A year ago, the big news was that a model could hold a million tokens in context. That's roughly 750,000 words, or about ten average novels sitting in a single prompt. The announcements came with impressive demos, researchers posted benchmarks, and for a few weeks it genuinely felt like a threshold had been crossed. Then most teams went back to their actual work and found out pretty quickly that having a massive context window and knowing what to do with it are two completely different problems.

I want to be clear that I'm not dismissing the capability. A million tokens in context is a real technical achievement, and it does unlock things that were not possible before. But there's a version of the conversation happening right now that treats window size as the finish line, and I think that's worth pushing back on a little.

The pattern I keep seeing plays out the same way. A team gets access to a long-context model, loads in a large document, a codebase, or a pile of meeting transcripts, sends a query, and gets back results that are okay. Sometimes genuinely good. Often frustrating in ways that are hard to diagnose. The model technically saw everything in the prompt. Whether it actually used the right parts of it is a different question entirely, and that distinction matters a lot in production.

There's a known phenomenon here that researchers have called "lost in the middle." Models tend to pay disproportionate attention to content at the very beginning and the very end of a context window. Material buried in the middle gets underweighted, sometimes significantly. So if you're feeding in a 200-page document and the critical detail is on page 94, you might not get the answer you're looking for, even though the information was technically present. Scaling the window up doesn't change the underlying attention mechanics. You've given the model more to look at, but not necessarily a better mechanism for finding the right thing to look at.

This is partly why retrieval augmented generation hasn't gone away, even as context windows have grown. The basic argument for RAG, which is that you're better off identifying and retrieving the relevant chunks before they hit the model rather than dumping everything in and hoping, still holds up in a lot of real-world scenarios. Targeted retrieval gives you more control over what the model actually works with, and that control tends to produce more consistent results.

The counterargument is that RAG introduces its own set of problems. You need a chunking strategy that doesn't split concepts across boundaries in unfortunate ways. You need an embedding model and a vector store and a retrieval pipeline, all of which have to be maintained. You need to tune how many chunks you retrieve and how you rank them. When retrieval goes wrong, and it does go wrong, it fails silently in the sense that the model just answers based on whatever it got back, which may not be what the user actually needed. Long context was supposed to be a way around all of that complexity. The honest answer is that it reduces some of it but doesn't eliminate it.

What long context does seem to handle well is a specific class of task where the signal isn't concentrated in one place and the relationships between parts of the document genuinely matter. Reviewing code across an entire repository where you need to understand how a change in one file ripples through ten others. Analyzing a contract where a clause on page four modifies a term defined on page thirty-one. Summarizing a long research transcript where the useful insight only becomes visible when you see how themes accumulate across the whole thing. These are cases where breadth is doing real work, not just sitting there.

The cost dimension of this is also worth talking about honestly, because it tends to get glossed over in the capability announcements. Long-context inference is expensive. Input tokens at 500k or a million per request add up fast, and that math gets uncomfortable quickly if you're running it at any kind of scale. A lot of teams I've spoken to have gone through a phase of enthusiasm about long context, done the cost modeling, and quietly landed back on retrieval-based approaches as more economical and more predictable, even accounting for the upfront engineering investment.

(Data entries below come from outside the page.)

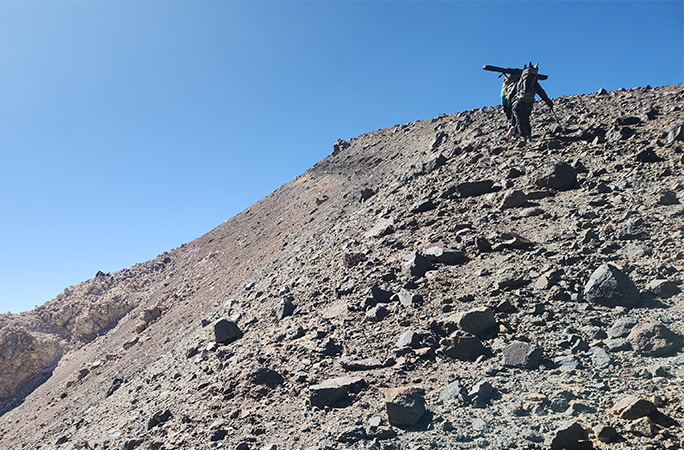 climbing up tge moutain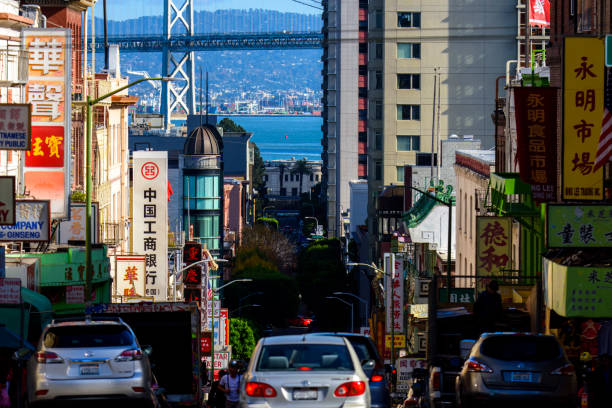 San Francisco, California,USA - November 27, 2017 : Street shot of busy china town in San Francisco, California. San Francisco has the biggest china town inn west coast.also it is major tourist attraction in San Francisco.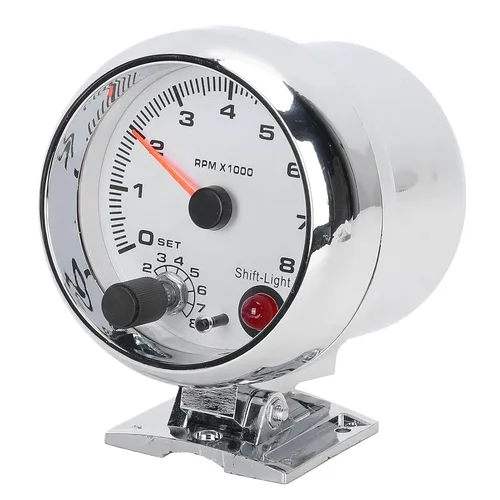 Miniatura 8 de Tacómetro de coche de 3.75 pulgadas, 0-8000 RPM, 7 luces de fondo de color, medidor de tacómetro, para vehículos de gasolina de 4/6/8 cilindros y 12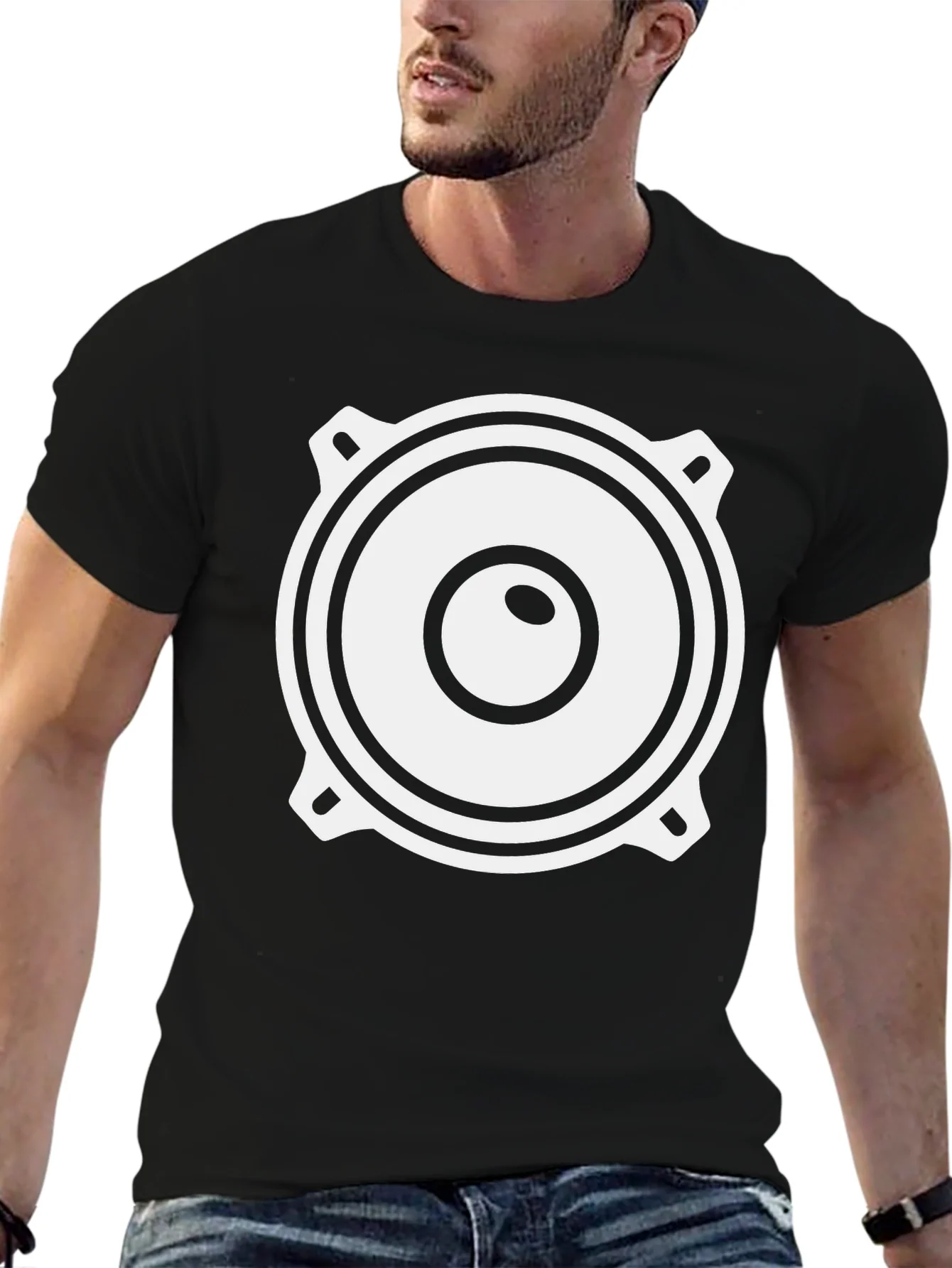 Speaker Graphic Black T-Shirt - Sound System Tee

There's also a latency component. Long prompts take longer to process, and for anything interactive, that adds friction. For batch workflows it matters less, but it's another variable that doesn't appear in the benchmark numbers.

None of this means the capability isn't moving forward. Context windows will keep growing, and more importantly, the models are getting better at actually using what's in them. There's active research on improving mid-context attention and on helping models navigate long inputs more reliably. The trajectory is real.

But right now, in March 2026, there's a meaningful gap between the number on the spec sheet and what you can actually depend on in production. The teams doing the most interesting work aren't treating a large context window as a solved input problem. They're being deliberate about what goes in, building evaluation pipelines specifically for long-context failure modes, and in some cases combining retrieval and long context in ways that play to the strengths of each.

The capability is genuinely useful. Using it well still requires actual thinking about your specific use case, and that part hasn't been automated away yet.